A peine eûmes-nous touché la terre albanaise, après la fatigue du transport des valises comme on pouvait et à bouts de bras pendant plus d’un kilomètre, nous commençâmes à entrevoir du personnel en blouse blanche. Ah ! voilà l’hygiène, la prophylaxie, la prévention ! avions-nous pensé. Le service sanitaire social albanais était renommé, et en voilà tout de suite une preuve pour les communistes incrédules et les socialistes philo yougoslaves déclarés. Et bien pas du tout ! A notre grande surprise nous découvrîmes qu’il s’agissait de barbiers chargés d’évaluer l’état des barbes et cheveux des voyageurs de sexe masculin. Ils furent sans pitié. Un ouvrier du PCI de l’Alfa [Alfaromeo, NdT] de Arese qui avait une évidente barbe fleuve à la Karl Marx fut contraint à se faire raser et, visiblement irrité, il réussit à leur arracher qu’on lui laisse, au moins, un petit bouc à la Lénine. Un étudiant de Turin d’Autonimia operaia qui avait des cheveux longs et abondants fut tondu si haut sur la nuque qu’il ressemblait à un marine. Tout le monde protestait, mais à la fin tout le monde finissait par accepter. Seuls les moustaches tombantes à la Staline passaient, avec des claques d’appréciation dans le dos  qui te donnaient la sensation d’être le premier de la classe.

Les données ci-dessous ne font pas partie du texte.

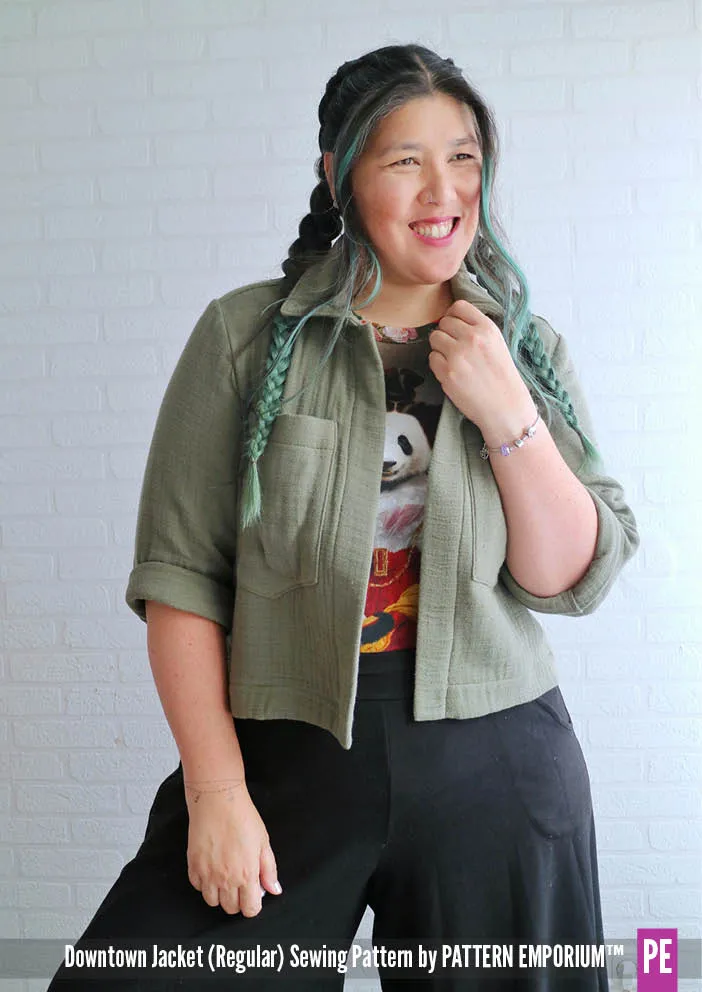 Downtown Jacket | Regular Fit Sewing Pattern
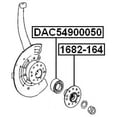 thumbnail image 2 of Febest REAR WHEEL HUB WITHOUT BEARING # 1682-164 OEM A1643560101, 2 of 2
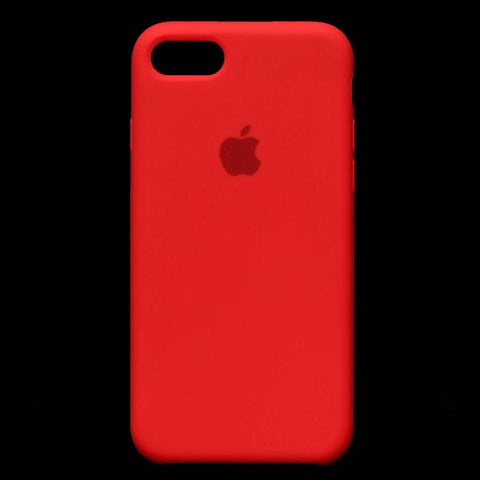 Red Original Silicone case for Apple iphone 7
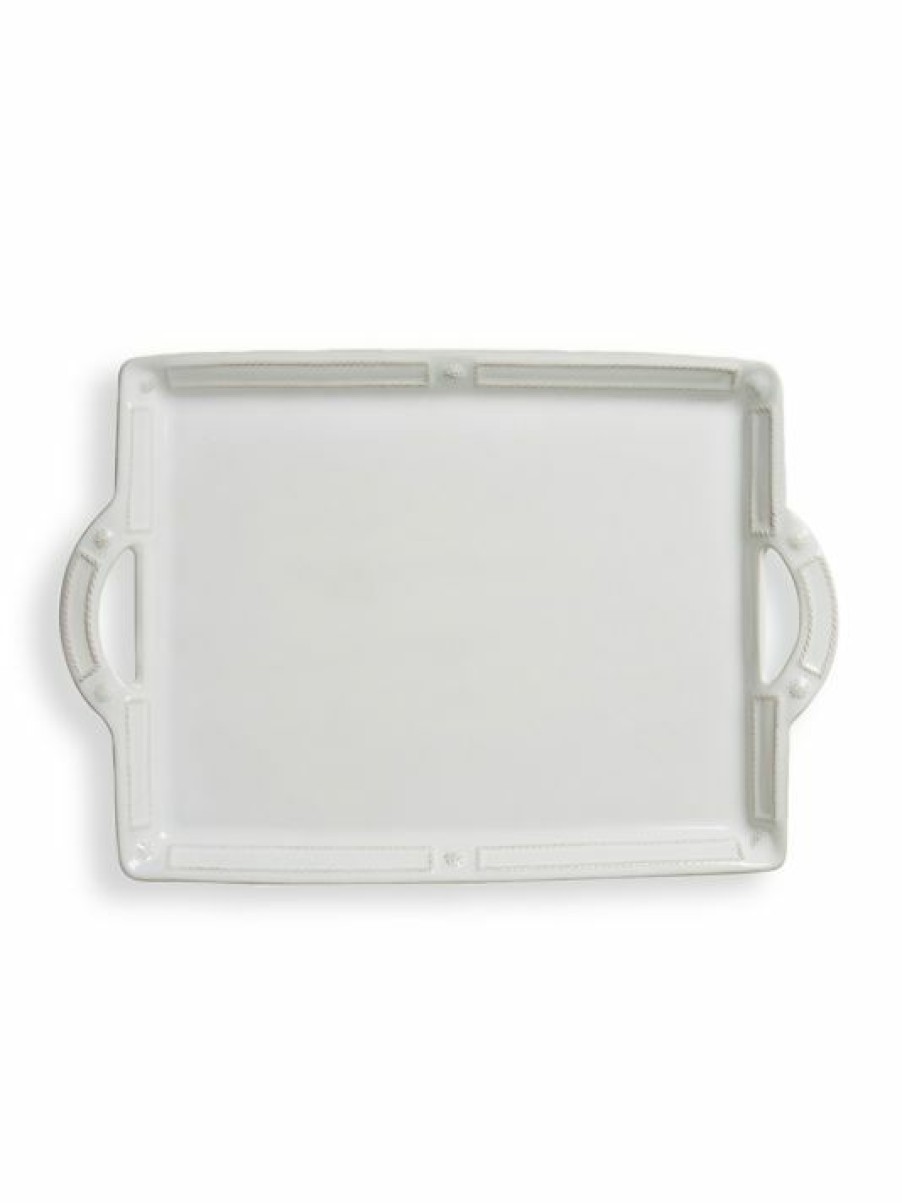 Dining & Entertaining Juliska | Juliska Berry & Thread French Panel Whitewash Handled Tray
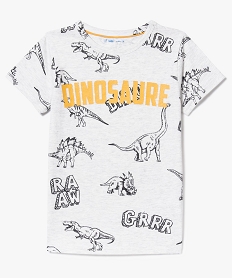 GEMO Tee-shirt à manches courtes garçon à motifs dinosaures Gris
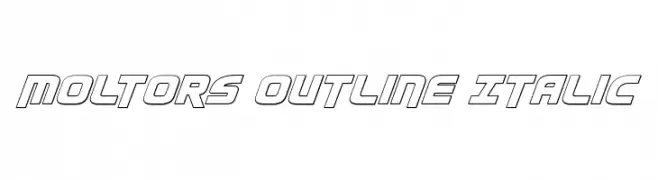 Moltors Outline Italic  Frei Schriftart Herunterladen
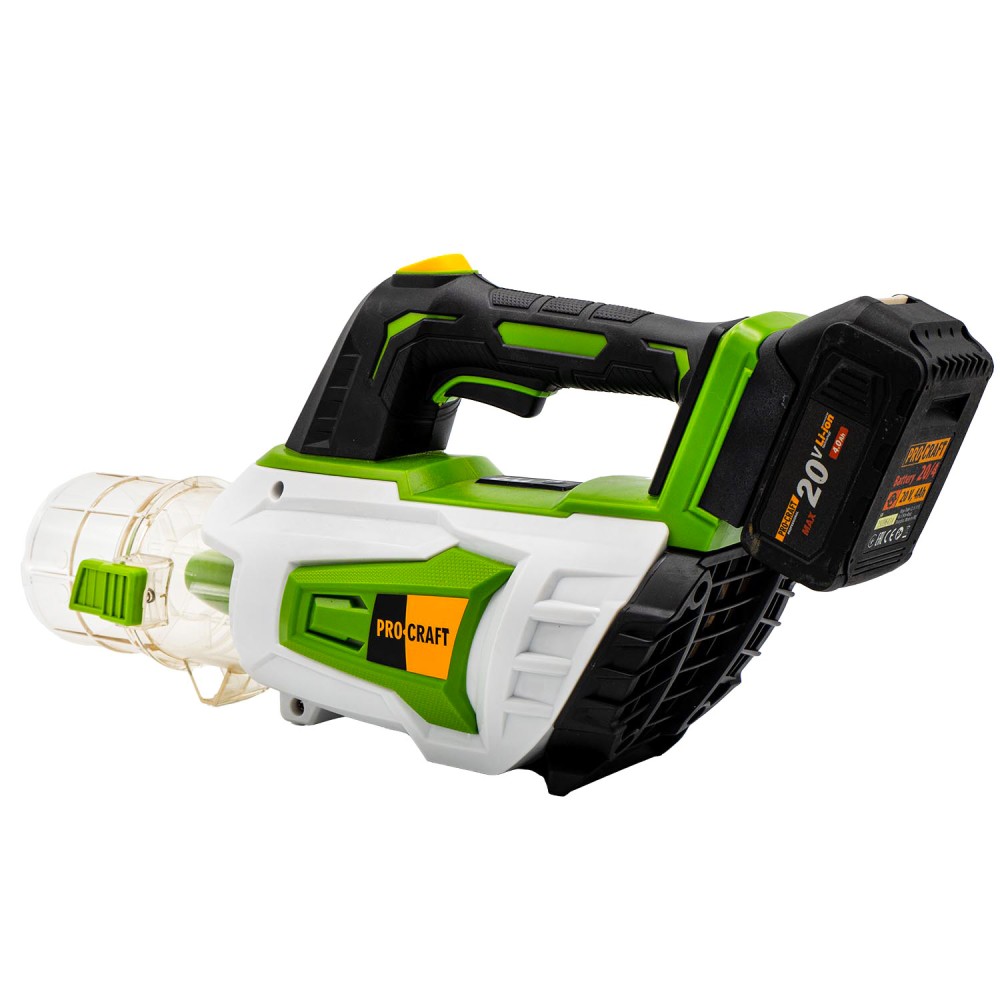 Акумуляторна повітродувка Procraft PB20 без АКБ та ЗП (PC-030233)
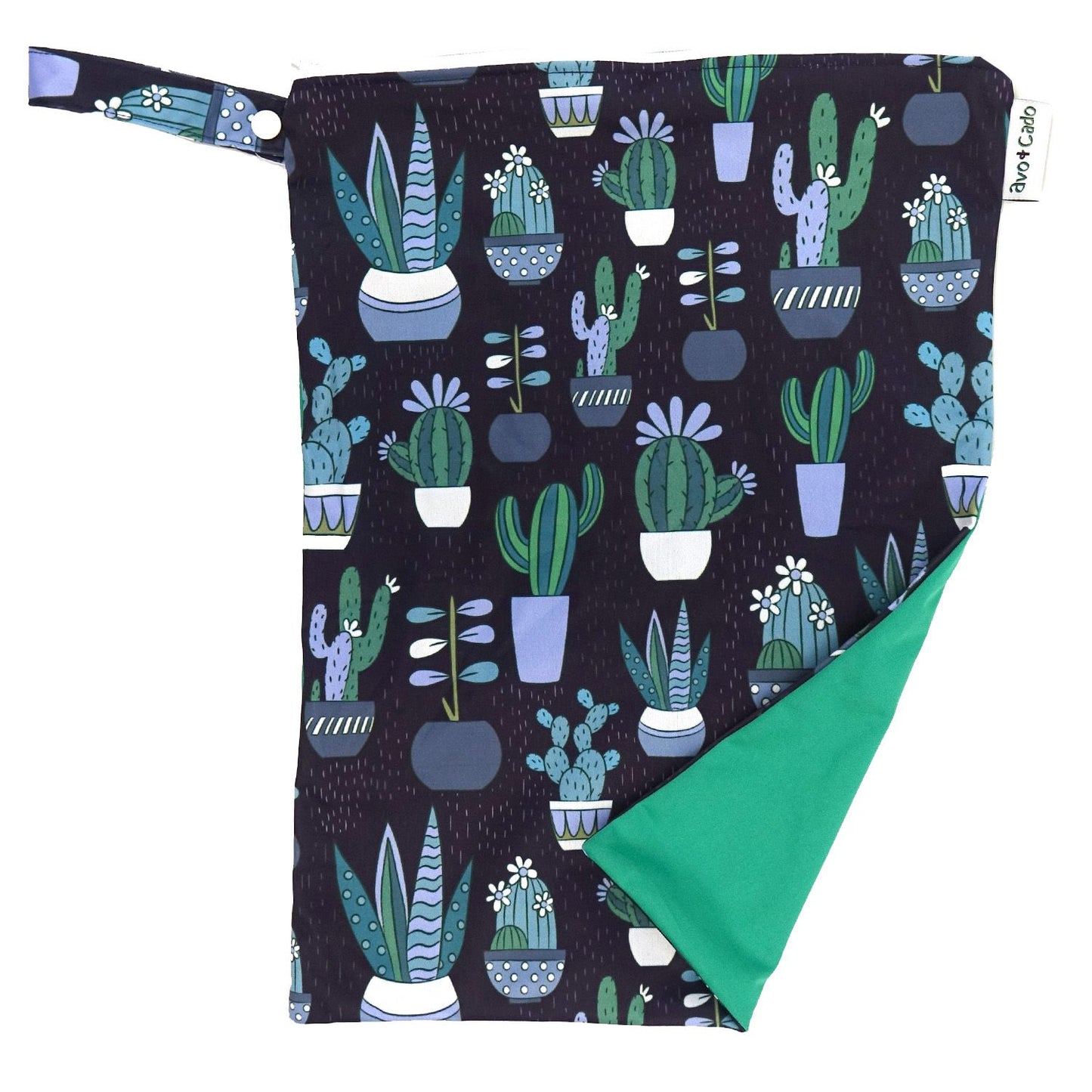 Avo + Cado - Medium Wet Bag-Wet Bag-Avo + Cado-Cactus-The Nappy Market
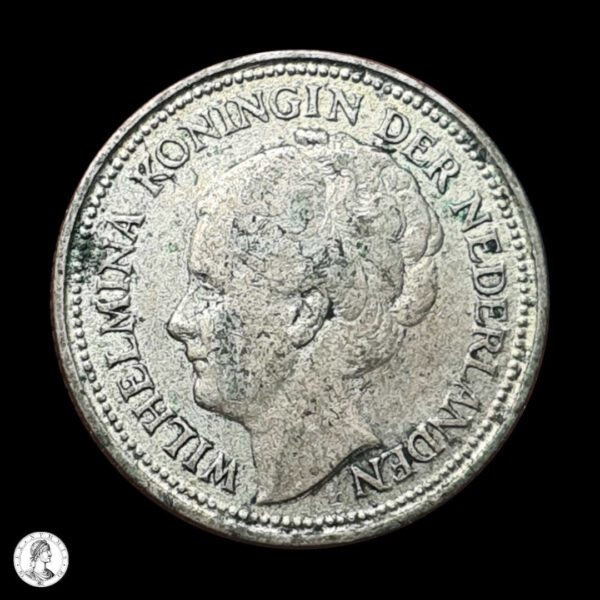 002451a Países Bajos Guillermina (1890-1948) 1936 10 Centavos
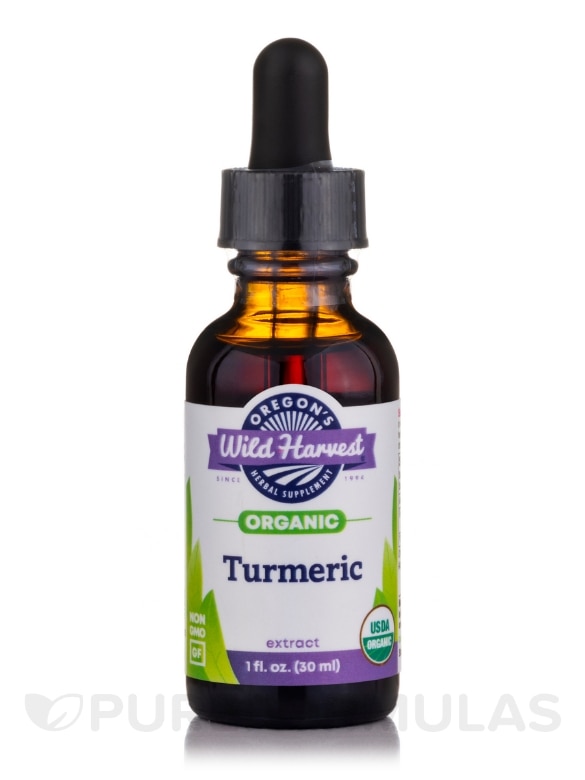 Turmeric, Organic Extract - 1 fl. oz (30 ml)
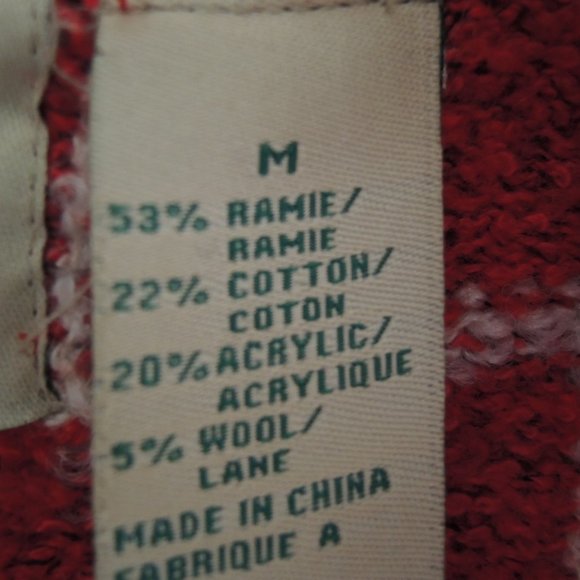 Design Options Vintage Red & White Windowpane Embellished Cardigan Jacket M - Picture 10 of 13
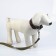 Set: collar (45-60x2.5 cm) leather and leash (150x2.5 cm) canvas, brown color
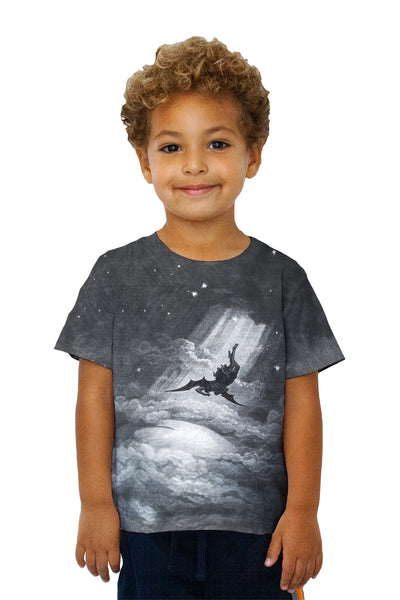Kids Gustave Dore - "Paradise Lost Fall to Earth" (1866) Kids T-Shirt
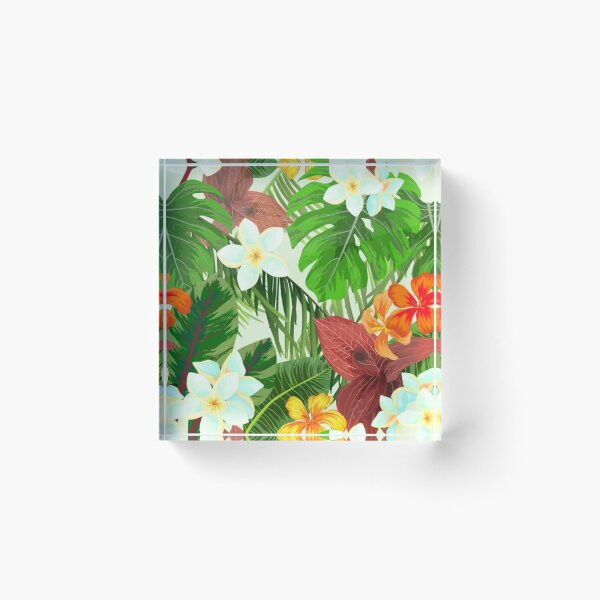 Item preview, Tropical Hibiscus Flowers Floral Botanical Leaves Colorful designed and sold by StudioAkubi.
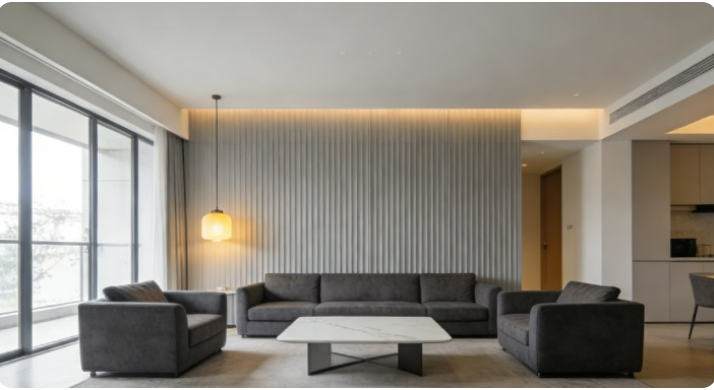 WPC Fluted Wall Panel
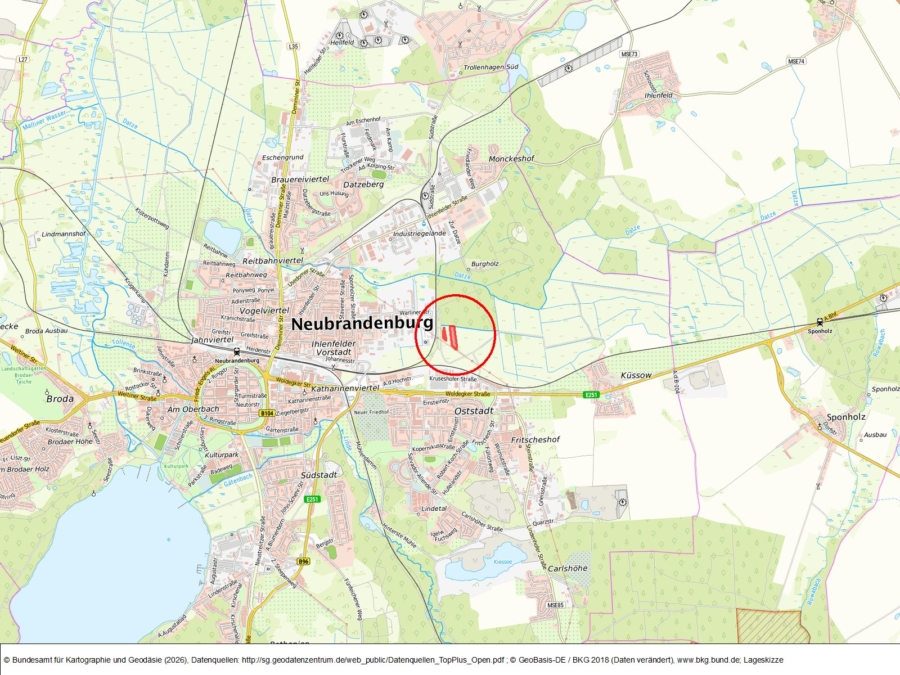Flächen bei Neubrandenburg, Los 2 - Bild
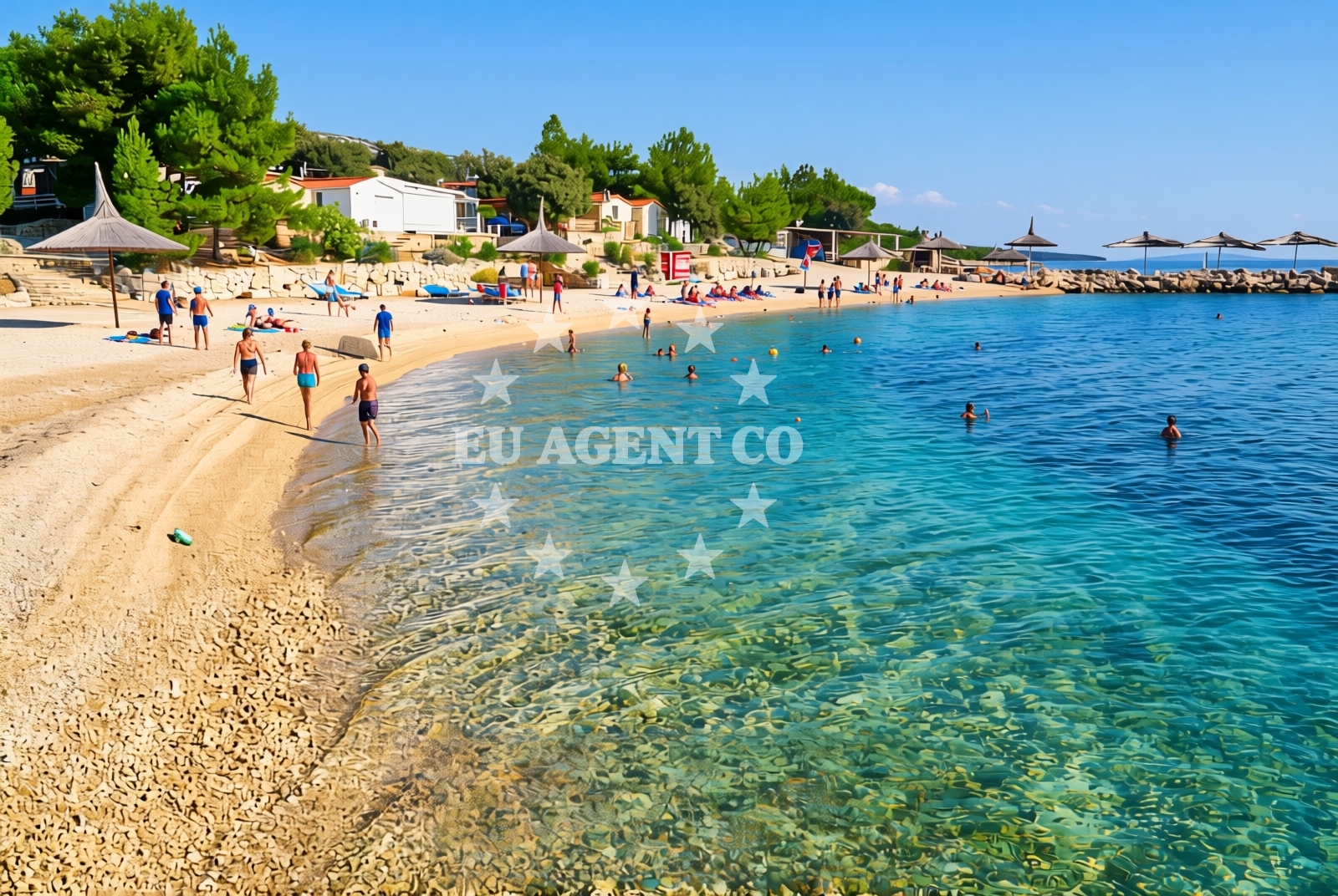 Additional view of Dva mornara, Šimuni (Pag) Beach in Dva mornara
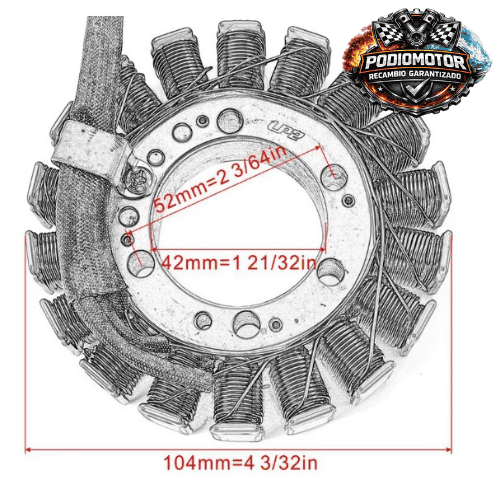 Alternador Kawasaki Ninja ZX6R ZX636 ER6N KLE650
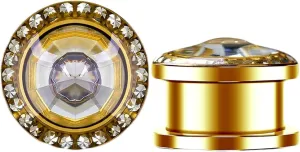 Daesar 2PCS Tunnel Gauges, Ear Gauges 00G 10mm Elegant Cubic Zirconia Stainless Steel Tunnels for Ears Piercing Jewelry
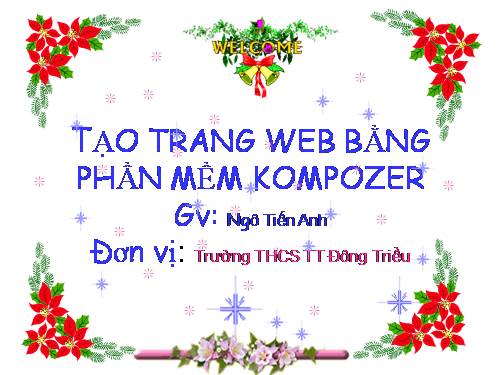 Bài 5. Tạo trang web bằng phần mềm Kompozer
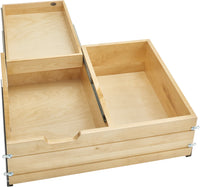 Rev-A-Shelf 28.5 in Frameless Tiered Deep Drawer 4WTCDD-724FLSC-1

L’opération barbe & cheveux terminée, nous étions tous sur le point de reprendre nos bagages pour nous diriger vers le nouveau car mis à notre disposition, qui venait d'arriver de Tirana, quand on nous invita à ouvrir nos valises pour montrer les livres et les revues que nous avions avec nous. Nous nous mîmes en file. L’un de nous était en train de lire un livre d’art sur Giotto, la couverture illustrée par une peinture d’Adam et Eve chassés du Paradis terrestre : il ne passa pas, à cause des ces « corps tout nus ». Un livre d’Enrico Berlinguer [le secrétaire général du PCI de l’époque, NdT] sur le compromis historique fut séquestré parmi les rires du personnel de service albanais, mais « Masse e Potere » de Pietro Ingrao passa, mais « seulement parce qu’il était président de la Chambre des Députés », nous gronda-t-on. En Albanie n’entrèrent pas même deux numéros de Panorama, déjà en concurrence à l’époque avec L’Espresso pour ses couvertures culs et nichons, ni les thrillers américains. Les récits de « La métamorphose » de Franz Kafka n'entrèrent pas non plus, ni « Voyage au bout de la nuit » de Céline, et pas même « I racconti di Sarajevo » inspirés par Ivo Andric. Par contre, les « Novelle per un anno » de Pirandello passèrent. Maïakovski entra mais pas Rimbaud, « décadent et dissolu ». Nous protestâmes, mais on nous assura qu’au retour, on nous rendrait tous nos livres contre le reçu qu’on nous avait donné, scrupuleusement rempli avec auteurs, titres et propriétés. Là, nous étions furieux, les livres étant une constante positive de notre groupe. Eh non ! Sur la culture, il ne faut pas plaisanter, pensions-nous tous. 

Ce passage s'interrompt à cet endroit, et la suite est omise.